Modern experimental techniques in biology are generating data at unprecedented rates, but analysis and interpretation still lags behind the available data, and data are still rarely combinable and reusable by independent groups. Ontological frameworks such as the Gene Ontology (GO) have been used for more than a decade to provide a shared language for communicating biological information that promotes integration of biological knowledge and thereby addresses the analysis and integration bottleneck. Common controlled vocabularies modelled on the GO have now been created in a large variety of different fields, and these ontologies are being used to support navigation through very large volumes of data in ways which can allow formulation and testing of complex hypotheses. Ontologies are also being used to provide a means to address mandates imposed by funding agencies for reusability of data, by providing the means to describe research results in ways which allow them to be discovered by users.
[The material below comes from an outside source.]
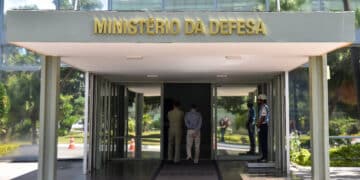 Ministério da defesa solicita a abertura de novos concursos para preencher vagas de instituições vinculadas ao ministério.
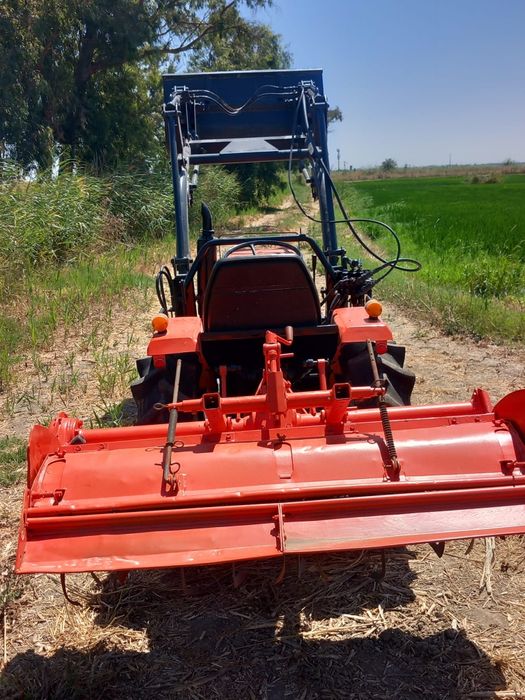 Tratror hinomoto c 174 com carregador fronta e frese l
In recent years, new powerful editing and reasoning tools have made it much easier to develop and use ontologies, for example within the framework of the Semantic Web / Linked Open Data. This tutorial will present the use of these tools in a non-technical, biologically relevant fashion. Unfortunately, many of these newly created ontologies have been developed in isolation for specific local purposes with little attention to their applicability to multiple disparate data sets; the result, in many cases, is that new ontologies being created do not in fact serve large-scale cross-community needs. Ontologies will be truly beneficial to biological data integration and organisation only if common best practices are employed in a way that ensures semantic interoperability. The most important prerequisites are: that the ontologies are non-overlapping, that they are accepted and used by the broader scientific community, and that they are well-structured and marked by logical rigor and terminology consistency.
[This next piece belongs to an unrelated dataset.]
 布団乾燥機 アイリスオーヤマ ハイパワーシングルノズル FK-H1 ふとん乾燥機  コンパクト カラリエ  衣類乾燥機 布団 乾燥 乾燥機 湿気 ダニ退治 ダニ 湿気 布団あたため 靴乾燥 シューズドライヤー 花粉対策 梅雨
This tutorial will focus on practical strategies for the achievement of these objectives. We will introduce the Open Biomedical Ontologies (OBO) Foundry project, which has played a pivotal role in coordinating and standardizing ontology development in the biomedical domain, and the Basic Formal Ontology (BFO), which allows interoperation of multiple biomedical ontologies by providing a shared upper level. The practical components of the tutorial will involve ontology construction, modular re-use of parts of ontologies to reduce redundancy between ontologies, and discussion to achieve community agreement on the ontology structure. We will draw for illustration on examples taken from the chemical biology domain, including relevant existing bio-ontologies for chemistry, screening experiments and targets.
 

Expected Goals

This tutorial will provide instruction in all areas of ontology development to aid computational biological research, with a special focus on chemical biology. The specific learning outcomes for the students will be:

  • Understanding the background to existing bio-ontology development and application efforts;
  • Becoming familiar with what is currently available in various biological domains and with the most important success stories and common reasons for failure;
  • Gaining practical experience with modern ontology development tools such as the Protégé ontology editor and associated automated reasoners;
  • Developing an appreciation for the essential tried and tested principles that are required to build a robust formalization of an ontology that brings maximal benefits in search, integration and reasoning over the data that the ontology is used to annotate.

The overall goal of this tutorial is to foster communication and the adoption of best practices within the community, to encourage cooperative development, and to ensure that biological ontologies are created that are sufficiently well principled that they may be reasoned over within an open cumulatively growing framework.

Participants are expected to be generally familiar with bioinformatics, and have experience in using at least one biological database. Some familiarity with the Gene Ontology will be useful, but is not required. No prior use of tools such as Protégé is required, as participants will gain this skill during the tutorial.